Web page caption snippets:
⟨
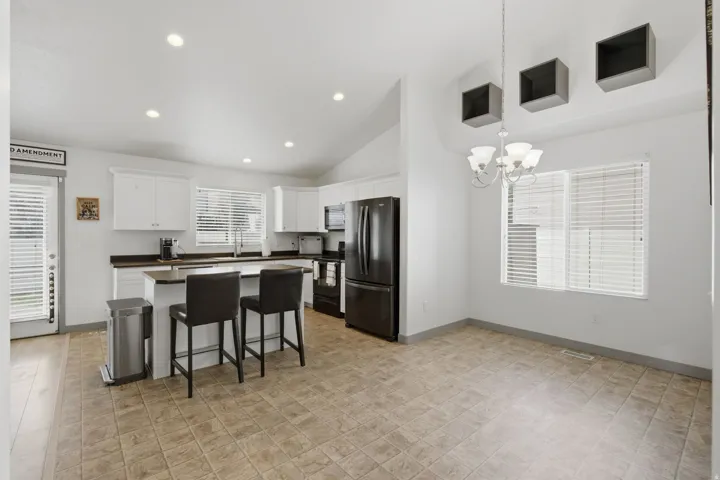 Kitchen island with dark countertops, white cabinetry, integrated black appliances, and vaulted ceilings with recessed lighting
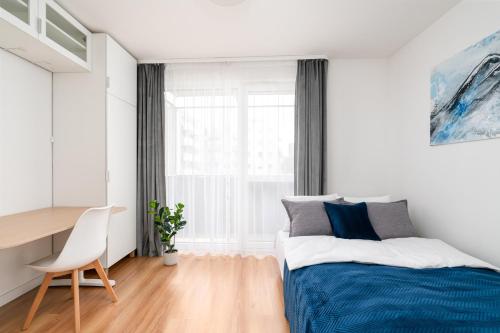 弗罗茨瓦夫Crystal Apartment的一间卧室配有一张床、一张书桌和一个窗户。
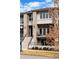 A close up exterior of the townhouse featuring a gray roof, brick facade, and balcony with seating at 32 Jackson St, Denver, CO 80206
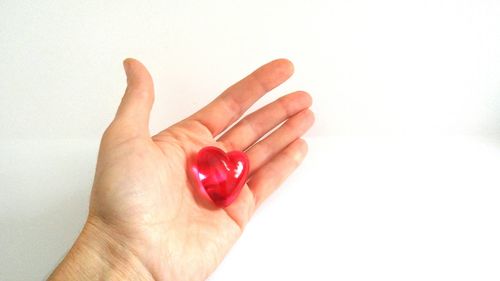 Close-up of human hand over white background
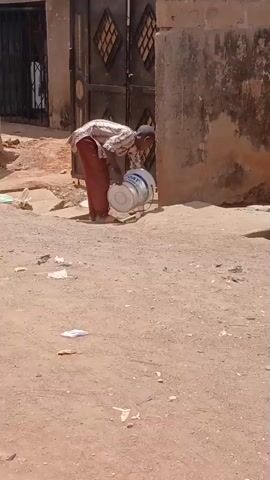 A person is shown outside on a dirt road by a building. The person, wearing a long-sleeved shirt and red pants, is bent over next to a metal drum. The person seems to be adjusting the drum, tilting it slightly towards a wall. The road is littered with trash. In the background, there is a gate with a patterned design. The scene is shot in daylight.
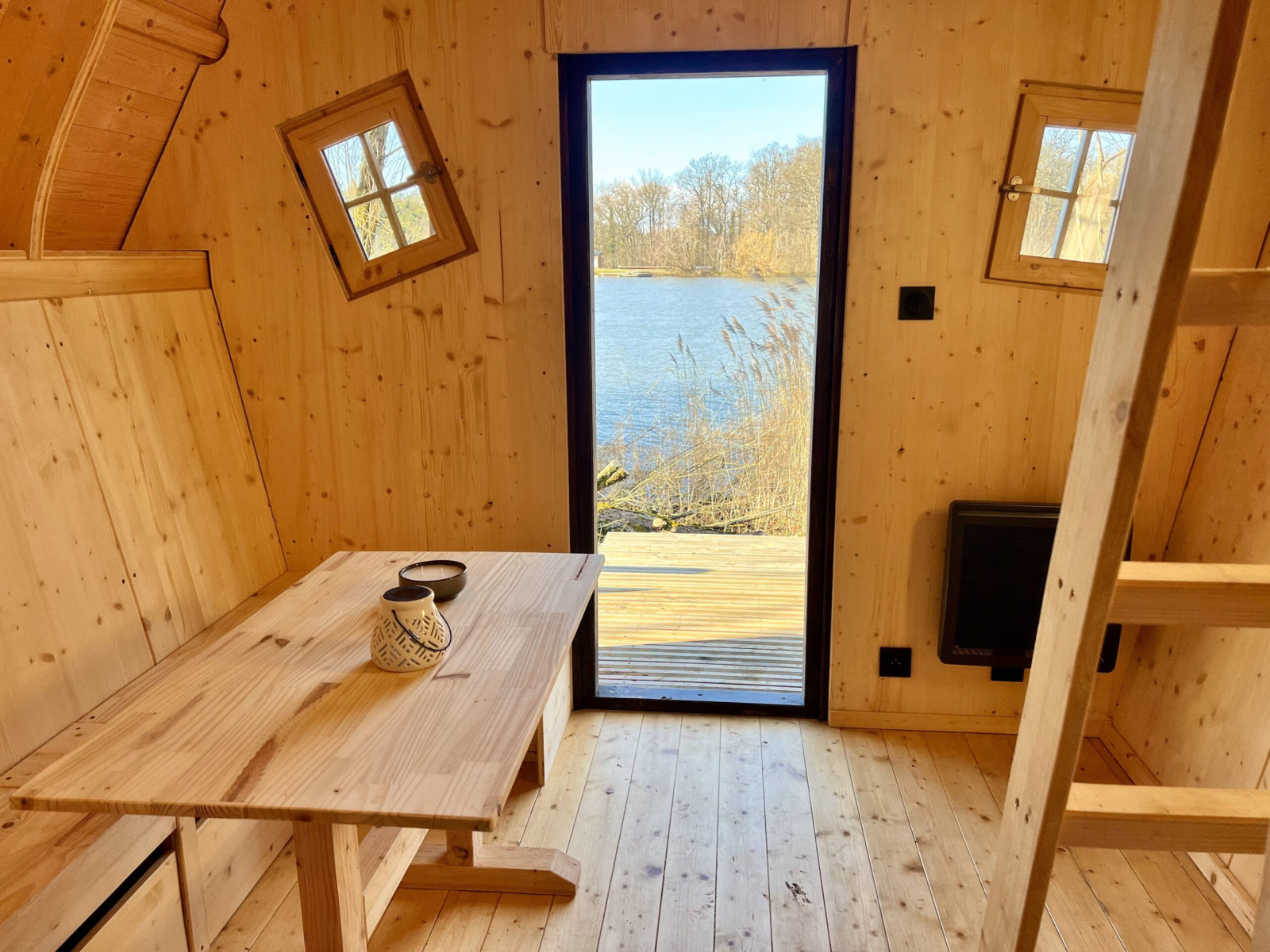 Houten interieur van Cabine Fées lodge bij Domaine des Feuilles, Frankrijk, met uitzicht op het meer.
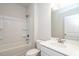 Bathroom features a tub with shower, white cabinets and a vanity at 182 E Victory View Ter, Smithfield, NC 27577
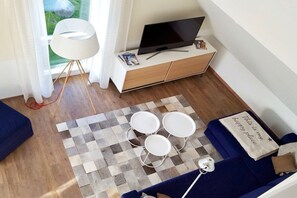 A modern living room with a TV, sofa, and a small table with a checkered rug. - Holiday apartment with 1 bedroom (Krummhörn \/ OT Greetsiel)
⟩
* What to work on: Only the lines from the one containing "Bathroom features a" through the end of the records should be copied, exactly and with both ends included; the pictures should not.

* Task response:
 Bathroom features a tub with shower, white cabinets and a vanity at 182 E Victory View Ter, Smithfield, NC 27577
 A modern living room with a TV, sofa, and a small table with a checkered rug. - Holiday apartment with 1 bedroom (Krummhörn \/ OT Greetsiel)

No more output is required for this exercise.